Verse 4. We have now come to the second head of the Psalm. In this verse the contrast of the ill estate of the wicked is employed to heighten the coloring of that fair and pleasant picture which precedes it. The more forcible translation of the Vulgate and of the Septuagint version is— "Not so the ungodly, not so." And we are hereby to understand that whatever good thing is said of the righteous is not true in the case of the ungodly. Oh! how terrible is it to have a double negative put upon the promises! and yet this is just the condition of the ungodly. Mark the use of the term "ungodly," for, as we have seen in the opening of the Psalm, these are the beginners in evil, and are the least offensive of sinners. Oh! if such is the sad state of those who quietly continue in their morality, and neglect their God, what must be the condition of open sinners and shameless infidels? The first sentence is a negative description of the ungodly, and the second is the positive picture.
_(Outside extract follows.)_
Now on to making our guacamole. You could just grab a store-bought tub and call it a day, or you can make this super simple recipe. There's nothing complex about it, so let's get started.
Here is their character — "they are like chaff," intrinsically worthless, dead, unserviceable, without substance, and easily carried away. Here, also, mark their doom, — "the wind driveth away;" death shall hurry them with its terrible blast into the fire in which they shall be utterly consumed.
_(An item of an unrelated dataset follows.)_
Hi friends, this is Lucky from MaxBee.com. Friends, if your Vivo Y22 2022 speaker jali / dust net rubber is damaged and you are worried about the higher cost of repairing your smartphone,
Verse 5. They shall stand there to be judged, but not to be acquitted. Fear shall lay hold upon them there; they shall not stand their ground; they shall flee away; they shall not stand in their own defence; for they shall blush and be covered with eternal contempt.

Well may the saints long for heaven, for no evil men shall dwell there, "nor sinners in the congregation of the righteous." All our congregations upon earth are mixed. Every Church hath one devil in it. The tares grow in the same furrows as the wheat. There is no floor which is as yet thoroughly purged from chaff. Sinners mix with saints, as dross mingles with gold. God's precious diamonds still lie in the same field with pebbles. Righteous Lots are this side heaven continually vexed by the men of Sodom. Let us rejoice then, that in "the general assembly and church of the firstborn" above, there shall by no means be admitted a single unrenewed soul. Sinners cannot live in heaven. They would be out of their element. Sooner could a fish live upon a tree than the wicked in Paradise. Heaven would be an intolerable hell to an impenitent man, even if he could be allowed to enter; but such a privilege shall never be granted to the man who perseveres in his iniquities. May God grant that we may have a name and a place in his courts above!

Verse 6. Or, as the Hebrew hath it yet more fully, "The Lord is knowing the way of the righteous." He is constantly looking on their way, and though it may be often in mist and darkness, yet the Lord knoweth it. If it be in the clouds and tempest of affliction, he understandeth it. He numbereth the hairs of our head; he will not suffer any evil to befall us. "He knoweth the way that I take: when He hath tried me, I shall come forth as gold." (Job 23:10.) "But the way of the ungodly shall perish." Not only shall they perish themselves, but their way shall perish too. The righteous carves his name upon the rock, but the wicked writes his remembrance in the sand. The righteous man ploughs the furrows of earth, and sows a harvest here, which shall never be fully reaped till he enters the enjoyments of eternity; but as for the wicked, he ploughs the sea, and though there may seem to be a shining trail behind his keel, yet the waves shall pass over it, and the place that knew him shall know him no more for ever. The very "way" of the ungodly shall perish. If it exist in remembrance, it shall be in the remembrance of the bad; for the Lord will cause the name of the wicked to rot, to become a stench in the nostrils of the good, and to be only known to the wicked themselves by its putridity.

May the Lord cleanse our hearts and our ways, that we may escape the doom of the ungodly, and enjoy the blessedness of the righteous!